## ASSIGNED TASK
From the listing below, set down exactly each line beginning with the one containing "Gujarat Giants' Beth" and ending with the last.

LISTED ENTRIES: Begin

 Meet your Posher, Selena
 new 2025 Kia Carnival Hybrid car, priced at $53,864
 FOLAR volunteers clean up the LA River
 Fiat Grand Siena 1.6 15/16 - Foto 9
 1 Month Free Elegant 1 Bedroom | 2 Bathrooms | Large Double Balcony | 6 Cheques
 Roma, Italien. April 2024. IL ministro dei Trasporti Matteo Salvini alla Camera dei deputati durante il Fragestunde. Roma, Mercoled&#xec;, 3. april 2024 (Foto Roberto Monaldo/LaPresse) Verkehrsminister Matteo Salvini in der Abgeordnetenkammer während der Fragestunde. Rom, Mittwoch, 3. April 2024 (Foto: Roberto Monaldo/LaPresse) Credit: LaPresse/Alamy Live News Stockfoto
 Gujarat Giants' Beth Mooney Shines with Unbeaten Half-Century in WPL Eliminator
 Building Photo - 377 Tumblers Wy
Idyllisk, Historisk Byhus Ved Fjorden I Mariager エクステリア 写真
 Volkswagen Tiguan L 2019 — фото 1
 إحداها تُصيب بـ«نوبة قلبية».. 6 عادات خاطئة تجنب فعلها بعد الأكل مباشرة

LISTED ENTRIES: End

## ANSWER BELOW
 Gujarat Giants' Beth Mooney Shines with Unbeaten Half-Century in WPL Eliminator
 Building Photo - 377 Tumblers Wy
Idyllisk, Historisk Byhus Ved Fjorden I Mariager エクステリア 写真
 Volkswagen Tiguan L 2019 — фото 1
 إحداها تُصيب بـ«نوبة قلبية».. 6 عادات خاطئة تجنب فعلها بعد الأكل مباشرة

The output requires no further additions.